INFORMATION SUPPLIED:
-------

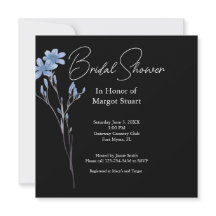 Black Elegant Flower White Script-Vrijgezellenfees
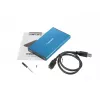 Ārējais HDD/SSD korpuss NATEC Rhino GO 2.5 collu — USB 3.0, SATA III, līdz 4 TB, 9,5 mm, alumīnijs, zils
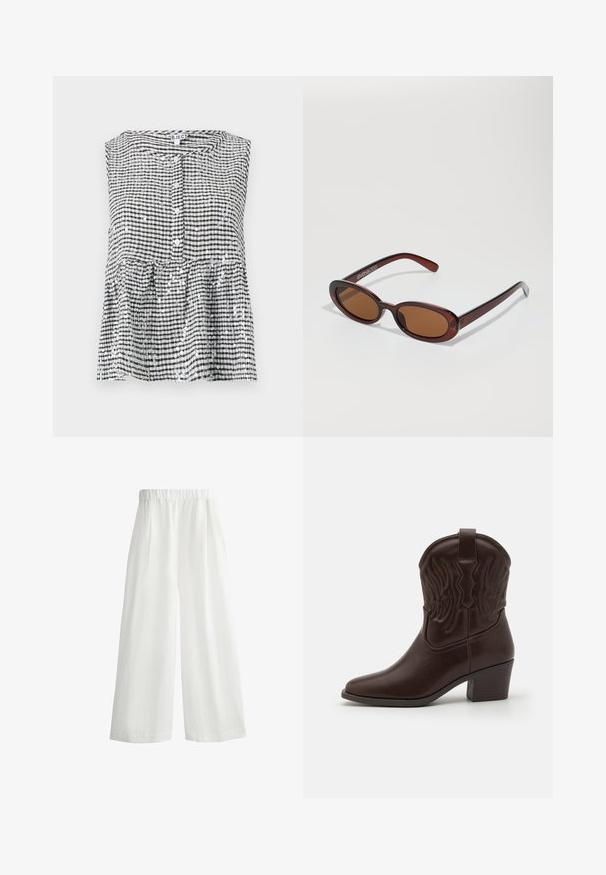 Mouwloze zwart-witte geblokte top met een knopenlijst en een peplumrand, met een gestructureerde stof en glanzende pailletten.; Witte, wijdvallende broek met een elastische tailleband, voorzien van voorplooien en een lichte, geprofileerde stof.; Bruine leren cowboylaarzen met spitse neuzen, geperste vleugelpatronen, een blokhak van gemiddelde hoogte en een lus aan de achterkant.; Ronde, bruin getinte zonnebril met een glanzend bordeauxrood frame. Slanke pootjes met subtiele merkdetails. Vlakke lensontwerp.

-------

REQUIREMENT: All of the material above is to be retyped exactly, with no pictures included.

TASK RESULT:
 Black Elegant Flower White Script-Vrijgezellenfees
 Ārējais HDD/SSD korpuss NATEC Rhino GO 2.5 collu — USB 3.0, SATA III, līdz 4 TB, 9,5 mm, alumīnijs, zils
 Mouwloze zwart-witte geblokte top met een knopenlijst en een peplumrand, met een gestructureerde stof en glanzende pailletten.; Witte, wijdvallende broek met een elastische tailleband, voorzien van voorplooien en een lichte, geprofileerde stof.; Bruine leren cowboylaarzen met spitse neuzen, geperste vleugelpatronen, een blokhak van gemiddelde hoogte en een lus aan de achterkant.; Ronde, bruin getinte zonnebril met een glanzend bordeauxrood frame. Slanke pootjes met subtiele merkdetails. Vlakke lensontwerp.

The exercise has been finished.